Skip to content
Snippets Groups Projects

Mandelbrot benchmark

Processor benchmark. Measures pure floating point performance of the processor (x86 CPU, ARM CPU, Power CPU, NVidia GPU and AMD GPU).
Code by Branislav Jansik, IT4Innovations

Intro

The Mandelbrot benchmark measures pure floating point performance of the processor (x86 CPU,ARM CPU, Power CPU, NVidia GPU and AMD GPU). All calculations are on registers only, no memory or disk access. Very close to peak floating point performance is sustained, nominal peak may be exceeded. The code puts extreme load on processor (CPU or GPU), forcing operation at TDP. Thermal throttling may be observed.

The code is implemented in assembly language.
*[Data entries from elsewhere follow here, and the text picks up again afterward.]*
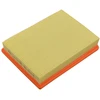 Image de Filtre À Air Ka-1599 Amc Filter Amc Filter Ka1599 Kia;Mazda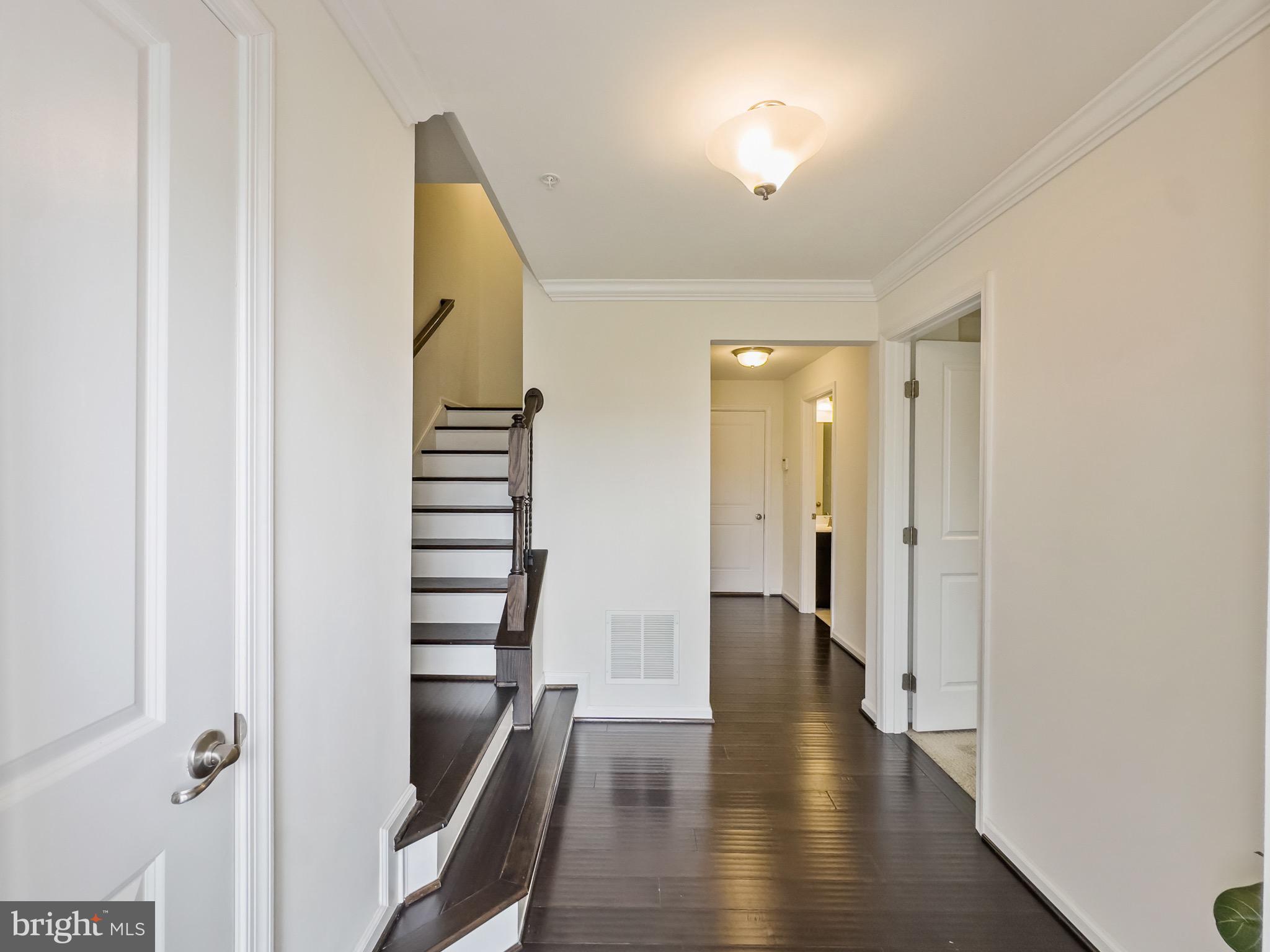 7607 GOLDEN SLUMBER LANE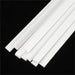 MS-412 Rect Strip,.040x.125 (10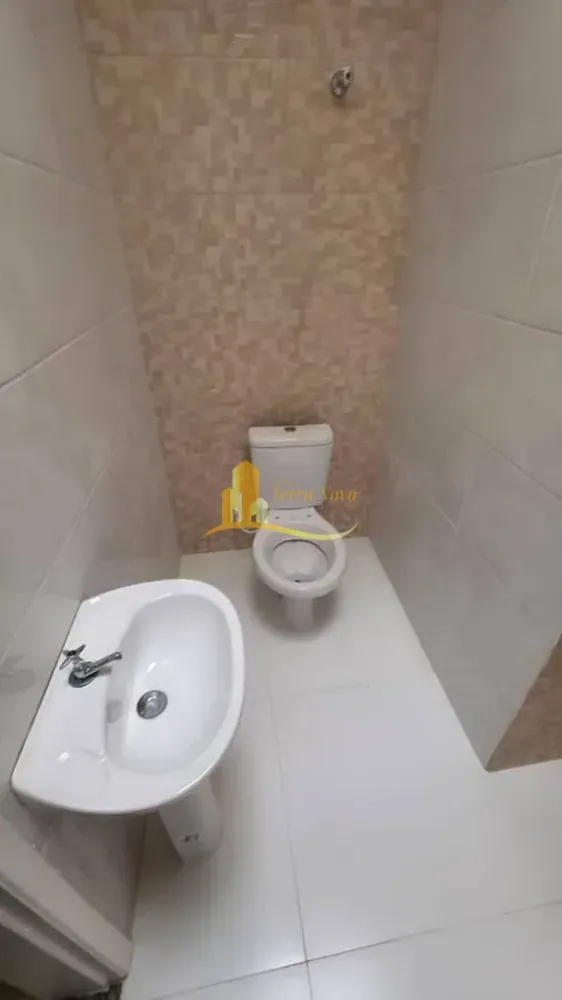 Sobrado, 2 quartos, 652 m² - Foto 7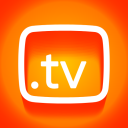 Baixar  Kartina.TV
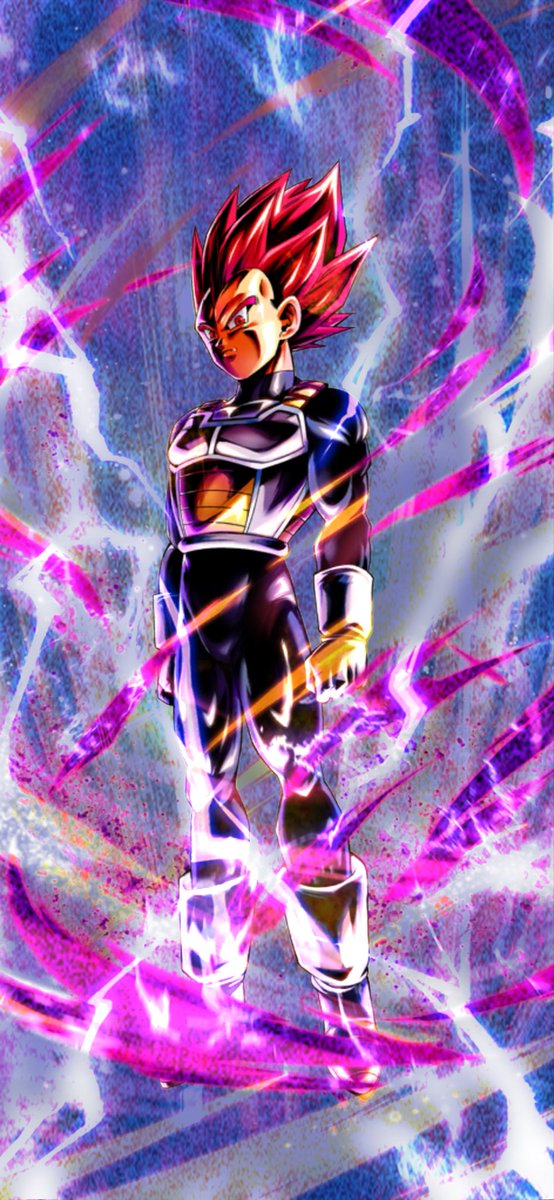 00revert's tweet photo. really underrated unit rn, if he had good disrupt or a second life mechanic there would be talks https://t.co/OA6p8ZfCGs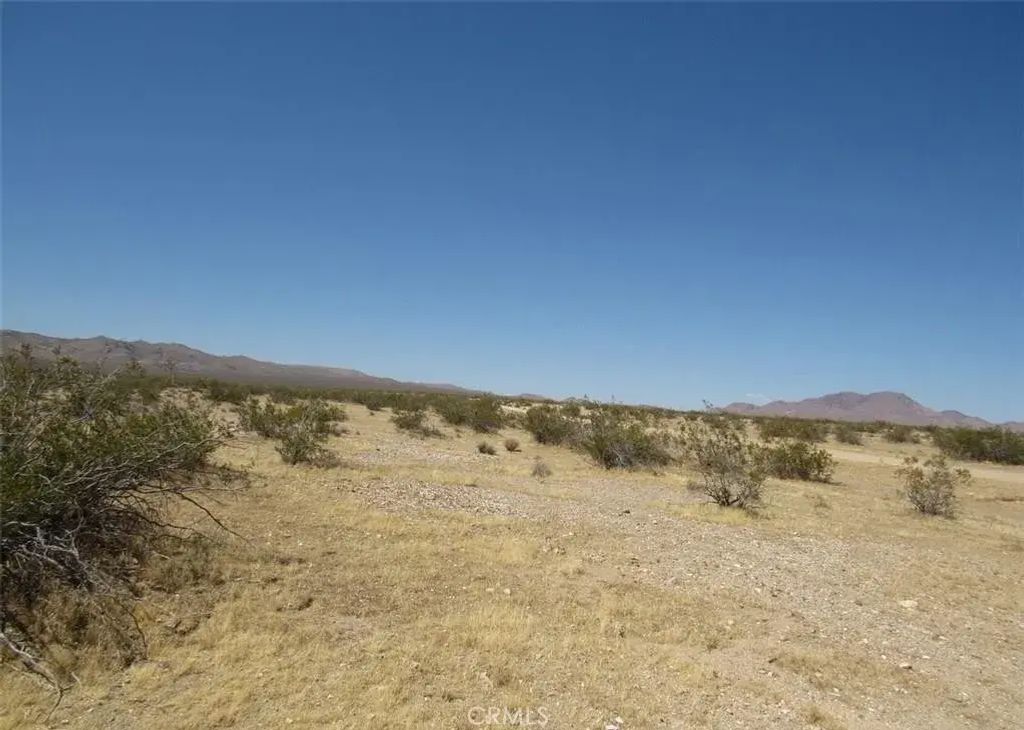 273-190-03-00-5 Hans, California City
Fused multiply add (FMA) vector instructions or warp matrix-multiply-add (WMMA) instructions are executed. Instruction sets supported : x86 (SSE), x86_64(SSE, AVX, AVX2, AVX-512), ARM(AArch64 NEON, SVE), cuda(PTX), amd(RDNA), Power (ppc64/ppc64le VSX).

Optimized to perfectly fill the instruction pipeline, up to two instructions are retired every clock cycle on x86 architectures.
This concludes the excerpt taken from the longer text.